4. The humidification purification device of claim 1, wherein,

The surface of the display module is coated with a material capable of reflecting light, and water drops formed on the inner side surface of the visible main body are projected onto the surface of the display module.

5. The humidification purification device of claim 1, wherein,

The visual body is formed in a circular shape in a plane when viewed from above, and the display module is formed in a ring shape covering the visual body.

6. The humidification purification device of claim 1, wherein,

Water sprayed from the spray opening of the watering housing can be seen in the line of sight.

7. The humidification purification device of claim 1, wherein,

Further comprising:

A base on which the water tank is detachably placed;

The display module is coupled to the base, and the water tank is simultaneously separated from the display module when the water tank is separated from the base.

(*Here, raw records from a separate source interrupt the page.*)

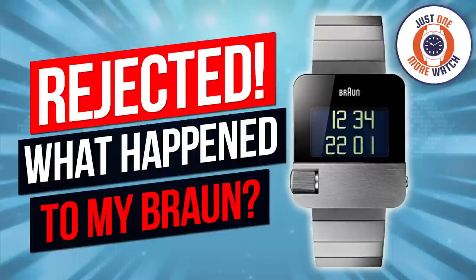Hello and welcome to Just One More Watch. Now I've admitted it already — perhaps I picked up one too many watches for my personal collection at the turn of the year. What with the Saarb, the Sarx, the Seiko Compressor, the Braun Digital — whatever happened to that one? Stay tuned to find out.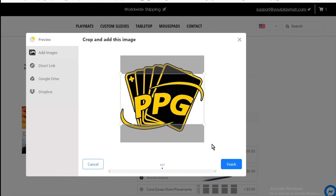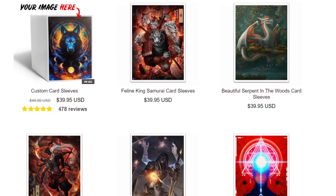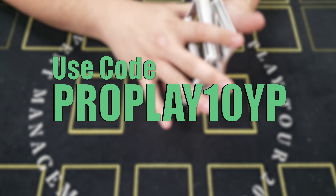At yourplaymat.com, you can sleeve your deck in style. It's as simple as uploading your design and selecting your size and style. Use promo code PROPLAY10YP at checkout for 10% off your order.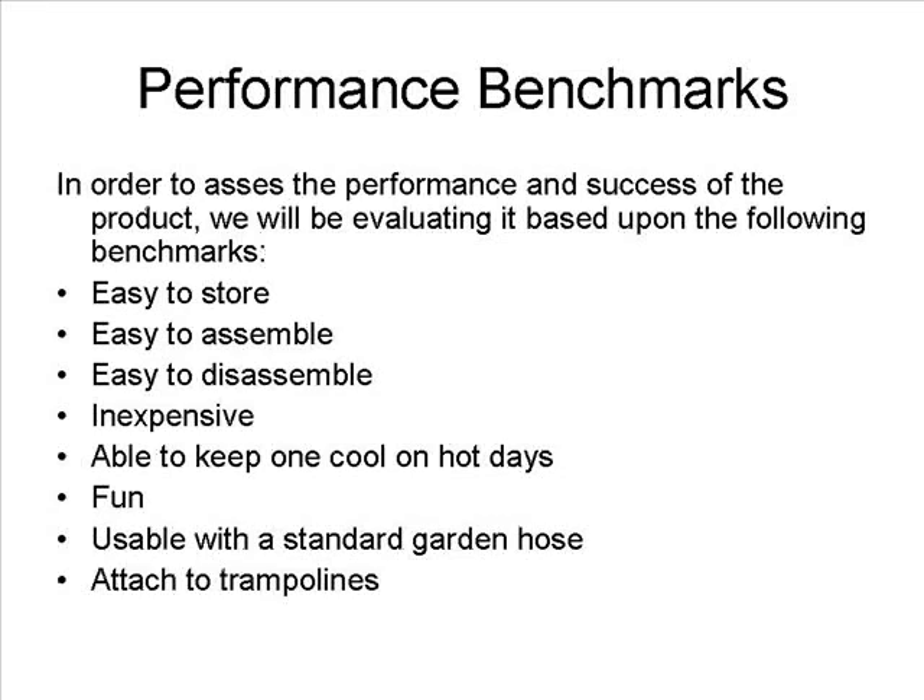In order to assess the performance and success of the product, we will be evaluating it based upon the following benchmarks: easy to store, easy to assemble, easy to disassemble, inexpensive, able to keep one cool on hot days, fun, usable with a standard garden hose, and attachable to trampolines.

8. The humidification purification device of claim 7, wherein,

The display module is formed in a ring shape, and the water tank is inserted into the inside of the display module and placed on the base.

9. The humidification purification device of claim 7, wherein,

The display module is configured to shade an outside surface of the sink when the sink is placed.

10. The humidification purification device of claim 7, wherein,

Further comprising:

An outer visible body combined with the base body and formed of a material allowing the inside to be seen through from the outside;

The display module is disposed between the outer visual body and the visual body.

11. The humidification purification device of claim 10, wherein,

When the water tank is placed on the base body, the upper end of the visual main body is tightly attached to the upper end of the outer visual main body, and a closed visual space is formed among the visual main body, the outer visual main body and the display module.

12. The humidification purification device of claim 7, wherein,

further comprising:

A tank inlet port disposed between the tank and the visible body;

The air supplied from the base body flows into the water tank through the water tank inlet, and the display module is disposed higher than the water tank inlet.

13. The humidification purification device of claim 7, wherein,

The substrate includes:

A lower body having a suction passage formed at a lower side thereof,

A placement body combined with the upper side of the lower body, the water tank being placed in the placement body,

A water tank insertion space formed in the placement body, the water tank being inserted into the water tank insertion space;

The display module is disposed at an upper end of the placement body.

14. The humidification purification device of claim 13, wherein,

Further comprising:

A tank inlet port disposed between the tank and the visible body;

The air supplied from the base body flows into the water tank through the water tank inlet, the display module is arranged higher than the water tank inlet,

A placement guide that guides the air supplied through the suction flow path to the water tank inlet is disposed on the placement body.